CASH FLOW FORECASTING USING TIME SERIES ANALYSIS, MACHINE LEARNING AND DEEP LEARNING MODELS: EVIDENCE FROM NEW YORK CITY FINANCIAL DATA

ПРОГНОЗИРОВАНИЕ ДЕНЕЖНОГО ПОТОКА ИСПОЛЬЗУЯ МЕТОДЫ АНАЛИЗОВ ВРЕМЕННЫХ РЯДОВ, МАШИННОГО ОБУЧЕНИЯ И ГЛУБОКОГО ОБУЧЕНИЯ: СВИДЕТЕЛЬСТВО ИЗ ФИНАНСОВЫХ ДАННЫХ ГОРОДА НЬЮ-ЙОРК

Sharmetov N.K. Kartbayev A.Zh.

28.04.2026 158

4(145)

10. Информатика, вычислительная техника и управление

Цитировать:

Sharmetov N.K., Kartbayev A.Zh. CASH FLOW FORECASTING USING TIME SERIES ANALYSIS, MACHINE LEARNING AND DEEP LEARNING MODELS: EVIDENCE FROM NEW YORK CITY FINANCIAL DATA // Universum: технические науки : электрон. научн. журн. 2026. 4(145). URL: https://7universum.com/ru/tech/archive/item/22565 (дата обращения: 28.05.2026).

Прочитать статью:

DOI - 10.32743/UniTech.2026.145.4.22565

Статья поступила в редакцию: 09.04.2026

Принята к публикации: 14.04.2026

Опубликована: 28.04.2026

ABSTRACT

Accurate cash flow forecasting is a cornerstone of liquidity risk management, yet identifying the optimal model for small, seasonal datasets remains a challenge. This study conducts a comparative performance analysis of four distinct modeling paradigms: Autoregressive (AR), Seasonal Autoregressive Integrated Moving Average (SARIMA), Support Vector Regression (SVR), and a Hybrid LSTM-GRU neural network. Using a monthly cash flow dataset characterized by 3-month seasonality, the models were evaluated on predictive accuracy RMSE, MAE, goodness-of-fit (R2), and computational efficiency. The results indicate a clear hierarchy in model performance. While the SVR model achieved the lowest RMSE (16,096) and the fastest fitting time (0.0011s), the SARIMA(2,0,0)(0,0,1)[3] model emerged as the most effective tool for practical financial application, delivering the highest R2 (0.79) and the lowest MAE (11,688). Despite the increased computational complexity of the Hybrid LSTM-GRU and SARIMA architectures, the findings suggest that for small-scale financial time series, the statistical precision and seasonal-handling capabilities of SARIMA outweigh the marginal speed advantages of machine learning alternatives.

АННОТАЦИЯ

Точное прогнозирование денежных потоков является одним из главных аспектов управления риском ликвидности, однако определение оптимальной модели для небольших сезонных наборов данных остается сложной задачей. Данная работа проводит сравнительный анализ четыре определенных моделей Autoregressive (AR), Seasonal Autoregressive Integrated Moving Average (SARIMA), Support Vector Regression (SVR), и Hybrid LSTM-GRU. Используя набор данных ежемесячных оборотов денег характеризуемая 3 месяцами, модели были оценены по метрикам RMSE, MAE, R2, вычислительная эффективность. Результаты показывают явную иерархию между моделями. Несмотря на то что SVR набрал наименьшие показатели по оценке RMSE(16,096) и наибыстрейшее время для обучения(0.0011 сек), SARIMA является более эффективной моделью, так как у нее лучше показатели по R2 (0.79) и по MAE(11,688). Несмотря на возросшую вычислительную сложность гибридных архитектур LSTM-GRU и SARIMA, полученные результаты свидетельствуют о том, что для небольших финансовых временных рядов статистическая точность и возможности обработки сезонных данных SARIMA перевешивают преимущества машинного обучения в плане скорости.

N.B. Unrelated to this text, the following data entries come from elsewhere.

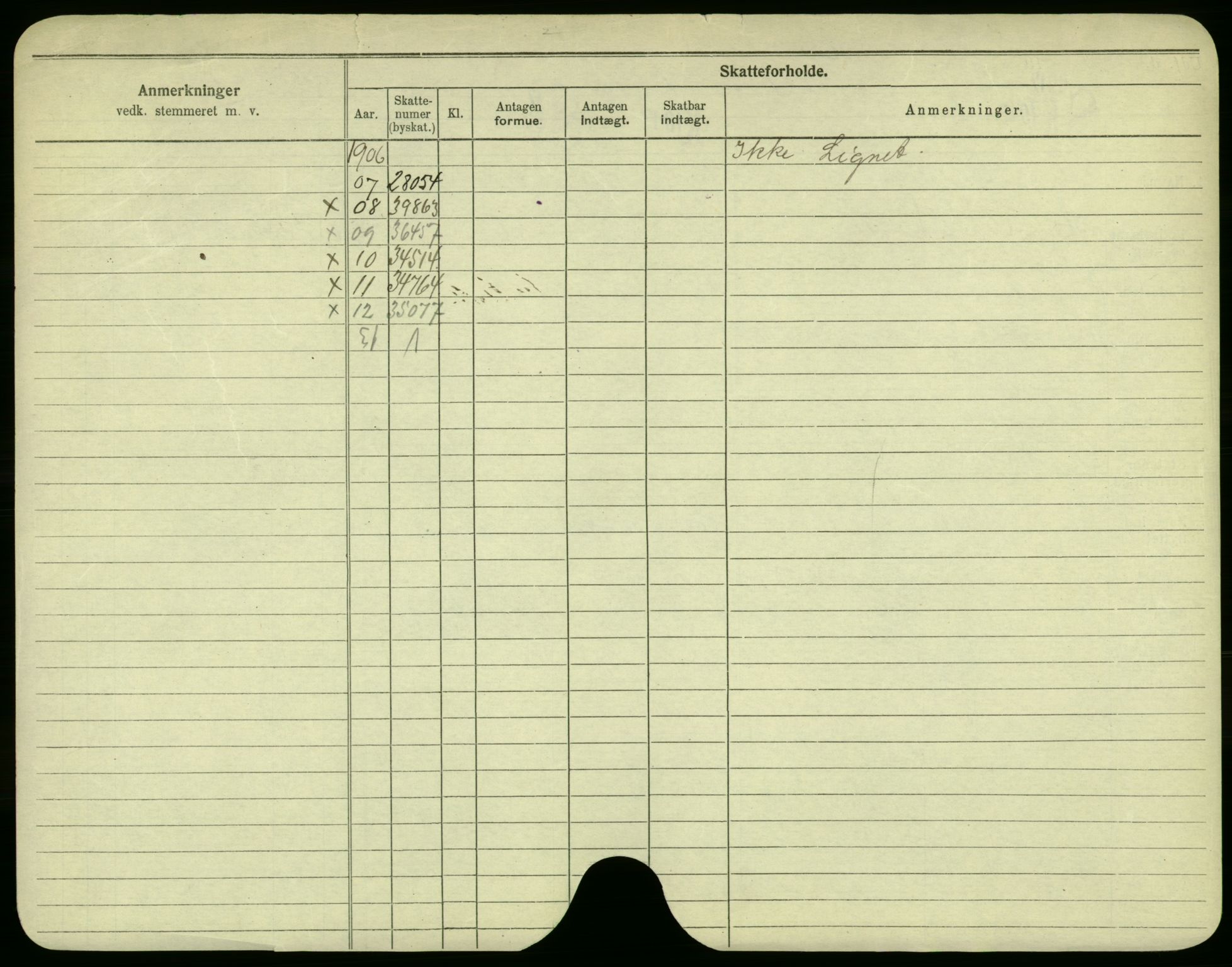 Oslo folkeregister, Registerkort, AV/SAO-A-11715/F/Fa/Fac/L0005: Menn, 1906-1914, p. 6b
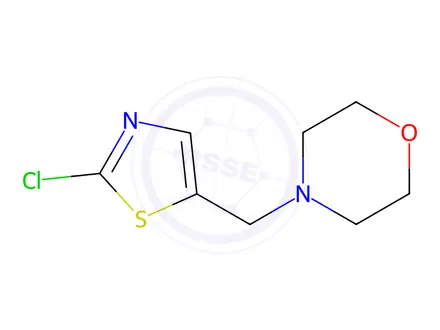 Chemical structure of 4-[(2-chloro-1,3-thiazol-5-yl)methyl]morpholine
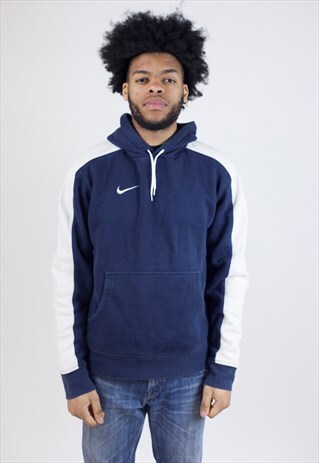 VINTAGE 90S NIKE NAVY/WHITE HOODIE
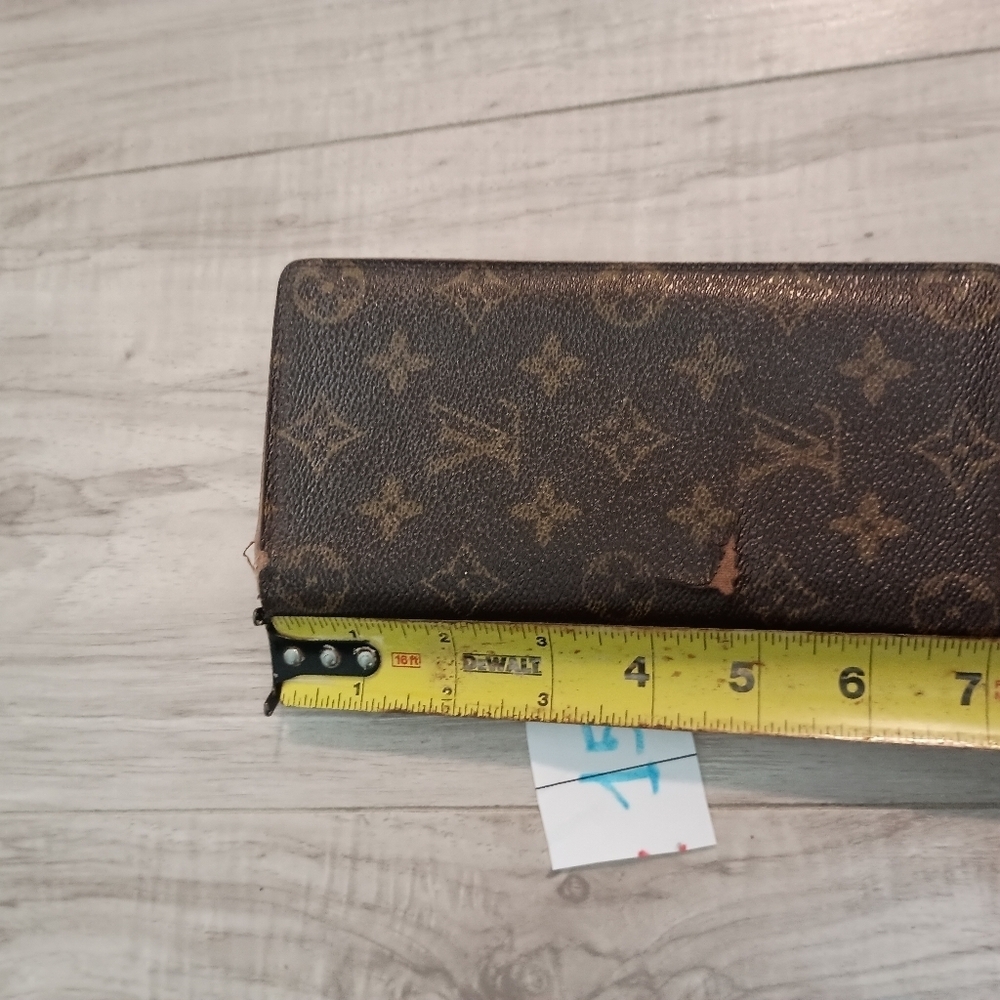 LOUIS VUITTON PORTE FOUIL BROZA MONOGRAM CANVAS Brown PVC WOMEN'S Used - Picture 13 of 13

Keywords: Time Series, Cash Flow Forecasting, ARIMA, Machine Learning, SVR, Deep Learning, LSTM

Ключевые слова: Порядок времен, Прогнозирование Денежных Потоков, ARIMA, Машинное обучение, SVR, Глубокое обучение, LSTM

I. Introduction

Cash flow plays critical role in financial planning of any organization. It reflects the inflows and outflows of funds, which we can use to analyze the company's past, current and forecast future conditions as well. Accurate forecasting of cash flow supports strategic planning and risk management, whereas incorrect estimation may lead to shortages in liquidity and financial resources.

Cash flow is dynamic data, consisting of company's inflows and outflows of cash for specific periods. Hence, most of the receiving and spending from one month transfer to the next, we claim that the cash flow data follows temporal dependence and seasonality. It is also worth noting that results of any period should not be shuffled or swapped places, as data from each month is hugely dependent on the previous[1].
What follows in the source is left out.